READ: A seven-step novice guide to savvy real estate investing
Apart from this, RE/MAX of Southern Africa highlights other key indicators that real estate investors should consider before going ahead with a property purchase:
Vacancy Rates: Lower vacancy rates indicate a healthy rental market and steady demand.
Price Trends: Analyse historical price trends in the area to gauge potential appreciation and compare similar properties in the area to determine realistic rental rates.
Cash Flow Potential: Account for home loan repayments, property taxes, insurance, maintenance, management fees, and any other recurring costs against the potential rental income.
Economic Growth: Regions with growing industries, increasing job opportunities, and population growth tend to see better property value appreciation and higher rental returns.
Future Development: Locations slated for future infrastructure developments or urban renewal projects often see property value increases. Find out about the nature of the development first, as not all developments will be appealing (e.g. there is plans to set up a power plant nearby).
“A good investment property is one that offers a blend of favourable location, positive cash flow, and appealing appreciation potential. For the best chance of finding a property that meets these criteria, seek advice from a RE/MAX real estate professionals to make well-informed decisions tailored to your specific investment goals,” says Goslett.
READ: Becoming a property mogul in South Africa
Craig Mott, Business Development Manager for the Rawson Property Group, also shares the top 4 techniques used to build these high-performance portfolios that deliver mogul-worthy returns.
Don’t overlook an opportunity
“The best property investors keep a constant finger on the pulse of the property market,” says Mott. “They’re constantly on the lookout for optimal conditions and aren’t afraid to leap when an opportunity presents itself.”
Currently, Mott says the market is ideally positioned for portfolio expansion, with excellent lending rates and a wide variety of stock available.
“We’re seeing a lot of savvy investors using this time to fill gaps in their portfolios and implement strategic expansion strategies,” he says.
Build strategic partnerships
Becoming a property investment expert doesn’t happen overnight. That’s why most successful investors have a property professional on their team.

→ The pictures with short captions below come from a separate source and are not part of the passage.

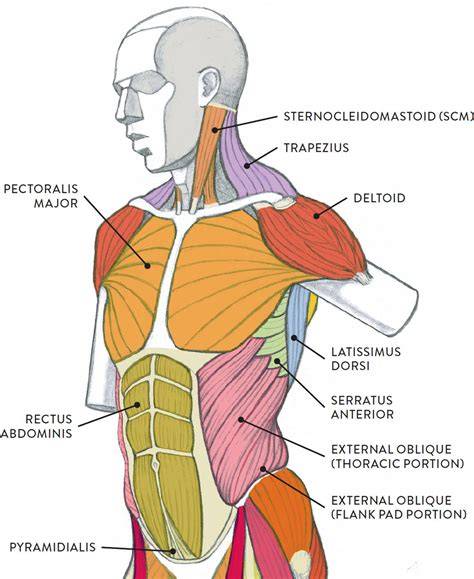 Torso PenalbaWeb.com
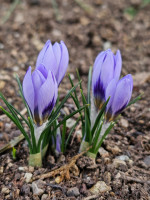 /album/rarity-a-novinky-2026-predjari/crocus-concinnus-vltava-poupata-jpg/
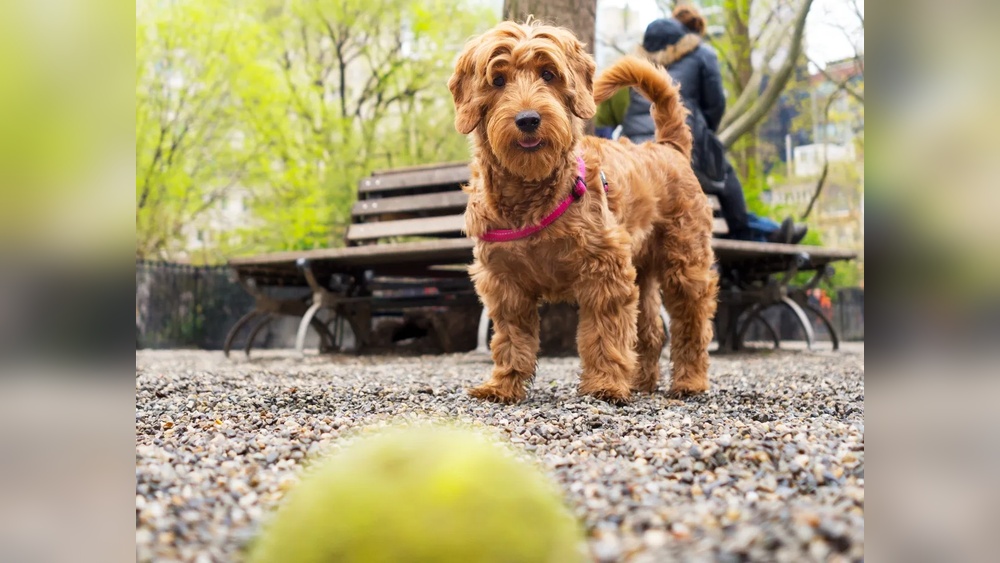 Best Dog Insurance New York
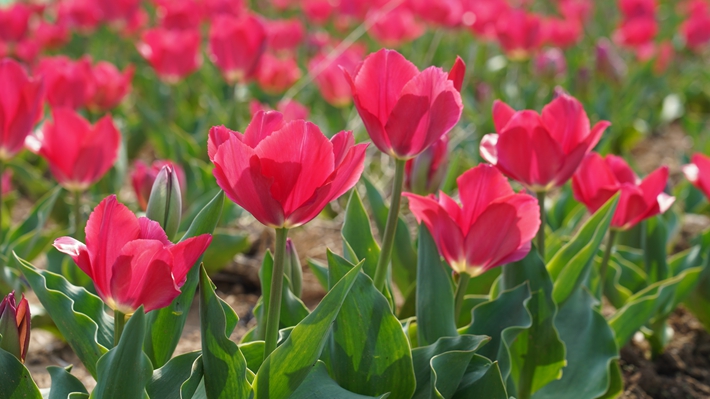 微信图片_20260322162832_8_76.jpg 微信图片_20260322162832_8_76.jpg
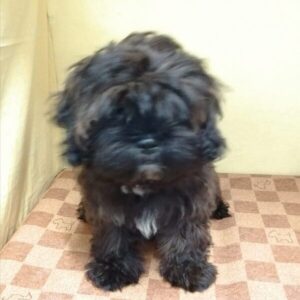 Alternative view of ミックス犬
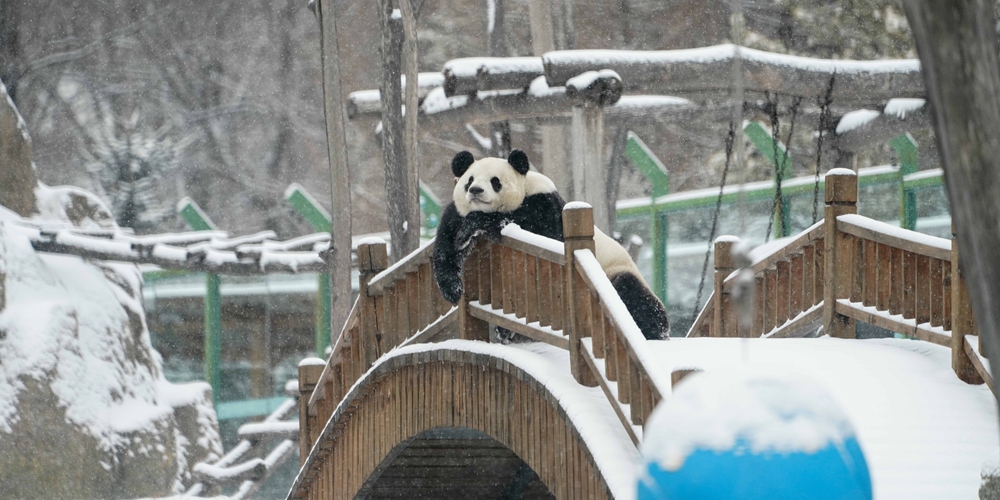 Самка большой панды Сыцзя встречает новую снежную зиму в провинции Хэйлунцзян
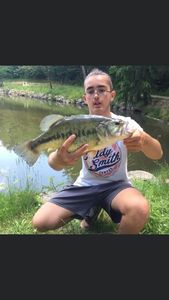 Largemouth Bass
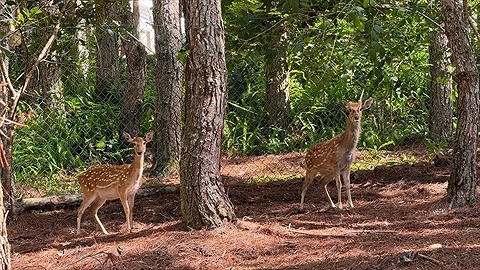 Mini Zoo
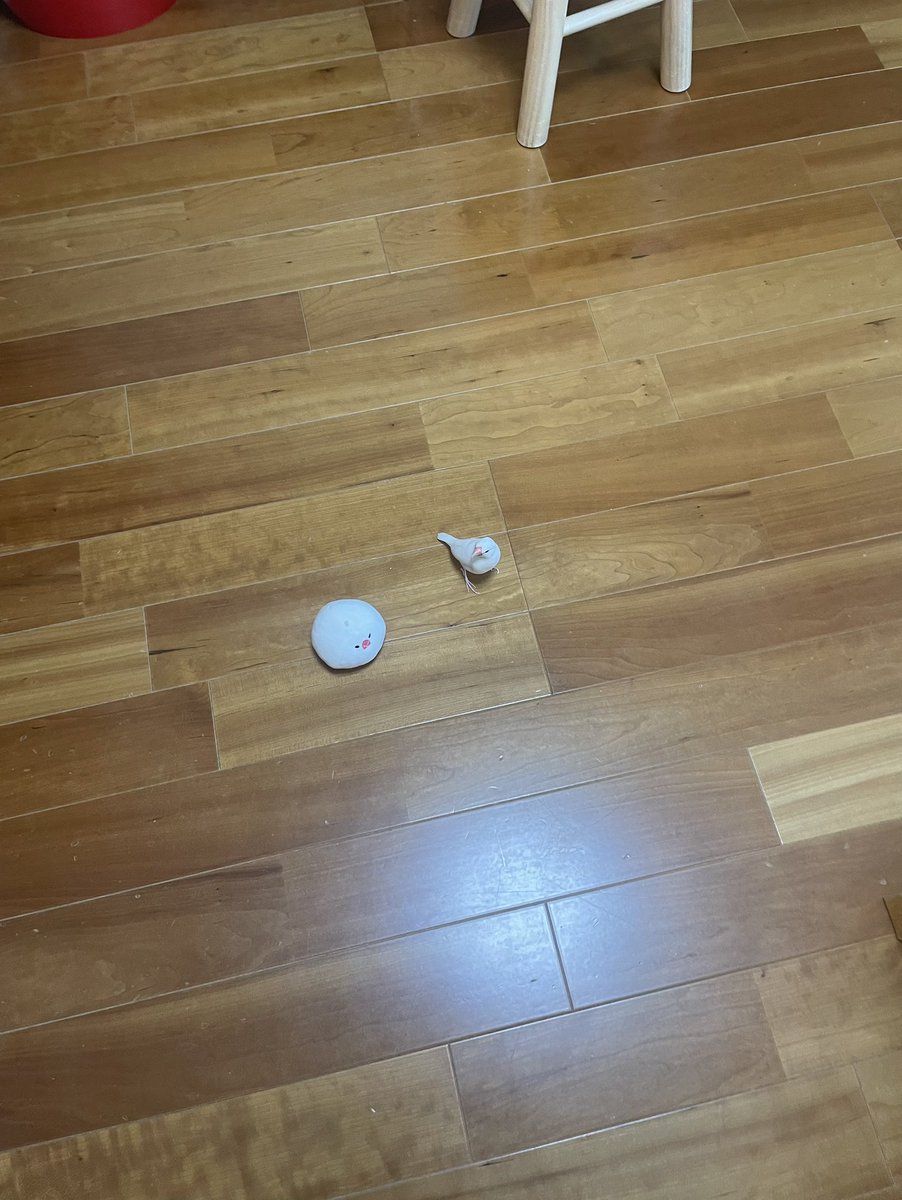 よんちゃ tweet media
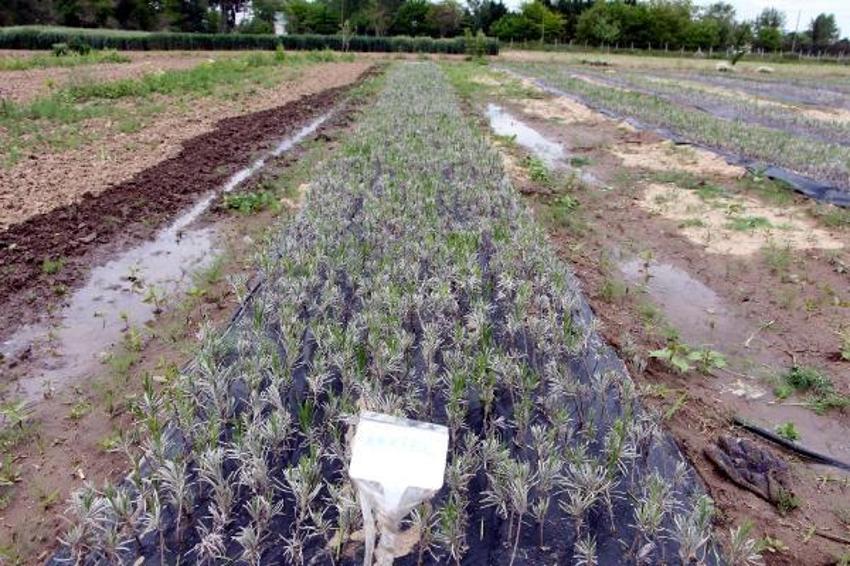 Tam 60 çeşit, kilosu 20 bin liraya satılıyor! Tıbbi ve kozmetik sanayi için çok önemli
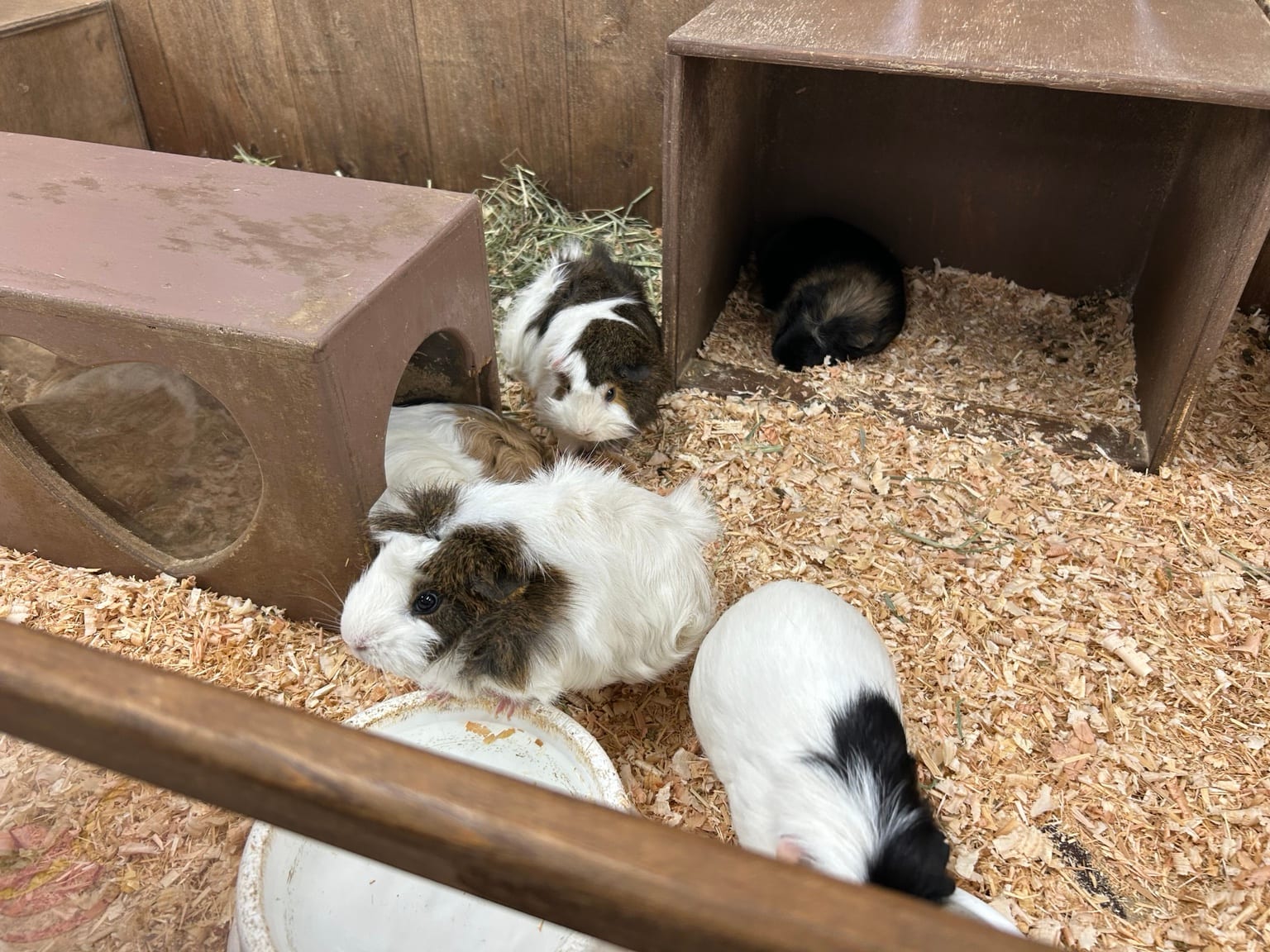 小屋の中で過ごすモルモットたち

“Building a relationship with an experienced real estate and/or rental agent opens a lot of doors for you as an investor,” says Mott. “Not only can you get early access to prime, as-yet-unlisted properties, you also get up-to-the-minute advice on the latest investment best practices, legislative updates and property trends.”
Understand what success looks like
Bigger isn’t always better when it comes to property investment. According to Mott, the key metric to look out for is not overall portfolio value, but rather whether your total returns equal or exceed those of equivalent monetary investment funds.
“If, for argument’s sake, the same money would have performed better in a money market – before capital appreciation – you can’t regard that investment as being successful,” says Mott. “Of course, property investment is a long-term venture, so don’t be overly swayed by individual properties’ short-term performance. At the same time, don’t put all your eggs in the capital appreciation basket – investment properties shouldn’t need to be sold before they deliver profits.”
Never take performance for granted
Done right, Mott says property can dramatically outperform almost any other asset class. If it’s not living up to its full potential, it’s time to update your strategy.
“There are always going to be properties that don’t perform as expected, and these can drag the overall returns from a portfolio down,” he says. “Don’t fall into the trap of hanging on to this ‘dead wood’. The most successful investors do regular checks of each and every property’s performance. Those that consistently deliver below expectations, and cannot easily be remedied, should be sold to increase cash flow or finance more promising new investments.”